[WHAT THIS TASK INVOLVES]: Will you extract the entries word for word? Images should not appear in the copy.

[SOURCE INFORMATION]:
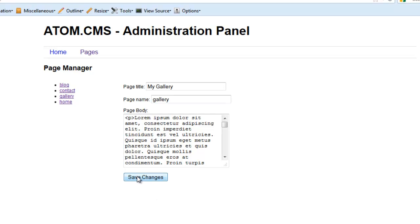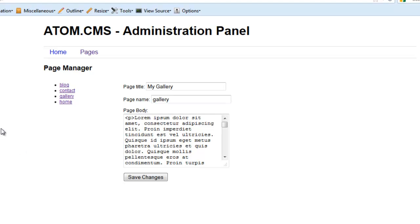What we haven't done is handled what happens when the form is submitted — basically when we click this button here. I did make one error reviewing the previous video: we're going to be working on an UPDATE query, not an INSERT query. Eventually we'll work on an INSERT query, but in order to modify these pages we'll be using the UPDATE query.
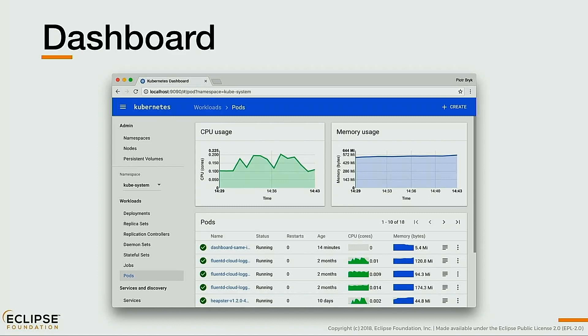Kubernetes also offers, by default packaged with the base setup, a nice dashboard where you can see everything running and the stats — a pretty nice UI for basic usage.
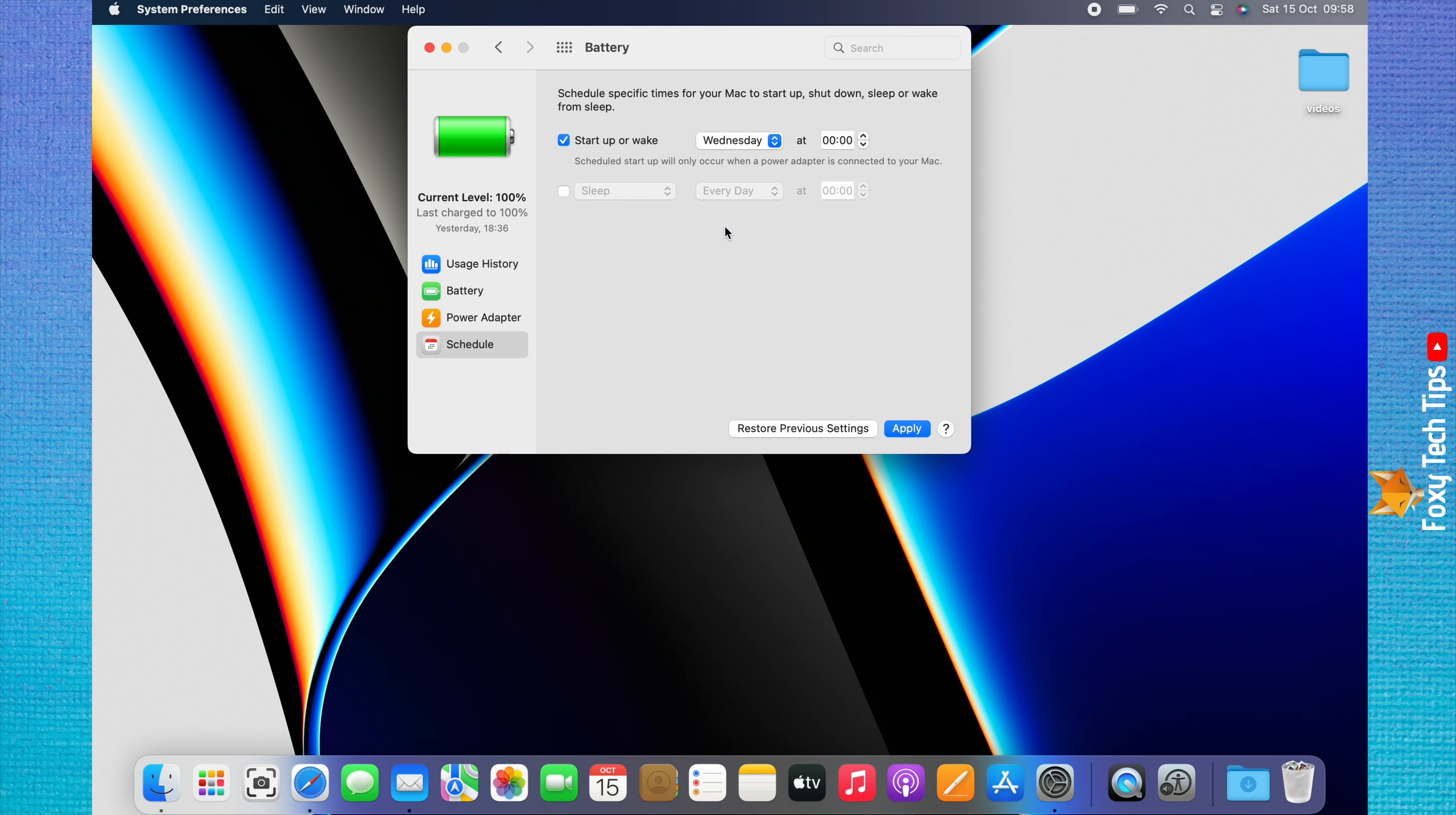Once you are happy with your schedule, click Apply at the bottom. Your Mac's startup and sleep schedule has now been set.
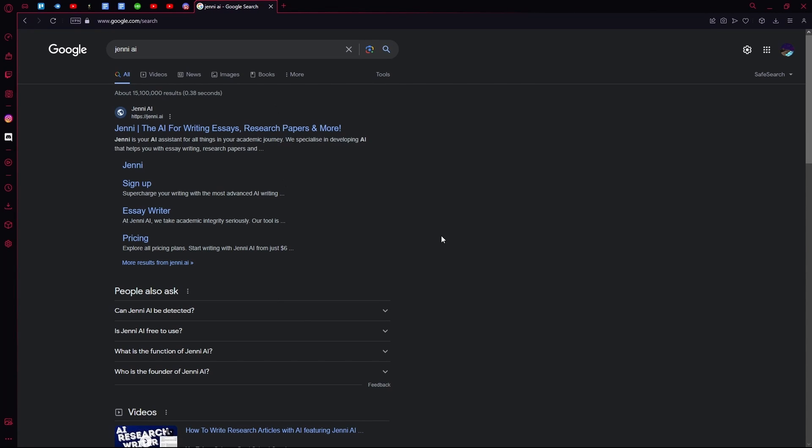Hello there, in this video I'm going to teach you how you can use Jenny AI to improve your writing.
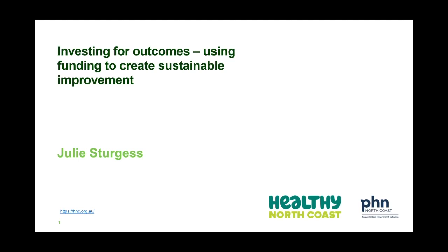Hello, my name is Julie Sturgis and I'm the CEO of Healthy North Coast. We deliver the primary health network program for the Commonwealth on the north coast of New South Wales. I'd like to also acknowledge the traditional custodians of the land that we're on today. For me that's the Bundjalung people and pay my respects to elders past, present and emerging.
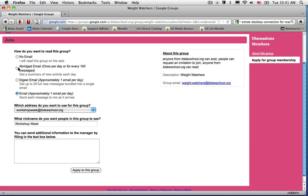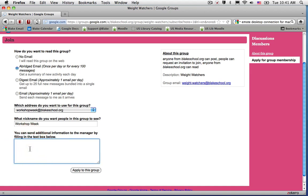I can choose how I want to receive email — I can select an abridged email to get an email about once a day of all the topics. I can also write to the group owner, such as 'Dear Weight Watchers,' and then go ahead and select the Apply to this Group button.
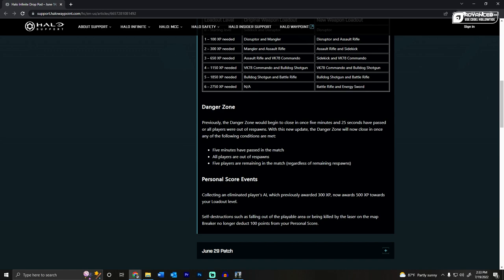Danger zone changes. Previously the danger zone would begin to close in once 5 minutes and 25 seconds have passed, or all players were out of respawns. With this new update,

[RESULT OF THIS TASK]:
What we haven't done is handled what happens when the form is submitted — basically when we click this button here. I did make one error reviewing the previous video: we're going to be working on an UPDATE query, not an INSERT query. Eventually we'll work on an INSERT query, but in order to modify these pages we'll be using the UPDATE query.
Kubernetes also offers, by default packaged with the base setup, a nice dashboard where you can see everything running and the stats — a pretty nice UI for basic usage.
Once you are happy with your schedule, click Apply at the bottom. Your Mac's startup and sleep schedule has now been set.
Hello there, in this video I'm going to teach you how you can use Jenny AI to improve your writing.
Hello, my name is Julie Sturgis and I'm the CEO of Healthy North Coast. We deliver the primary health network program for the Commonwealth on the north coast of New South Wales. I'd like to also acknowledge the traditional custodians of the land that we're on today. For me that's the Bundjalung people and pay my respects to elders past, present and emerging.
I can choose how I want to receive email — I can select an abridged email to get an email about once a day of all the topics. I can also write to the group owner, such as 'Dear Weight Watchers,' and then go ahead and select the Apply to this Group button.
Danger zone changes. Previously the danger zone would begin to close in once 5 minutes and 25 seconds have passed, or all players were out of respawns. With this new update,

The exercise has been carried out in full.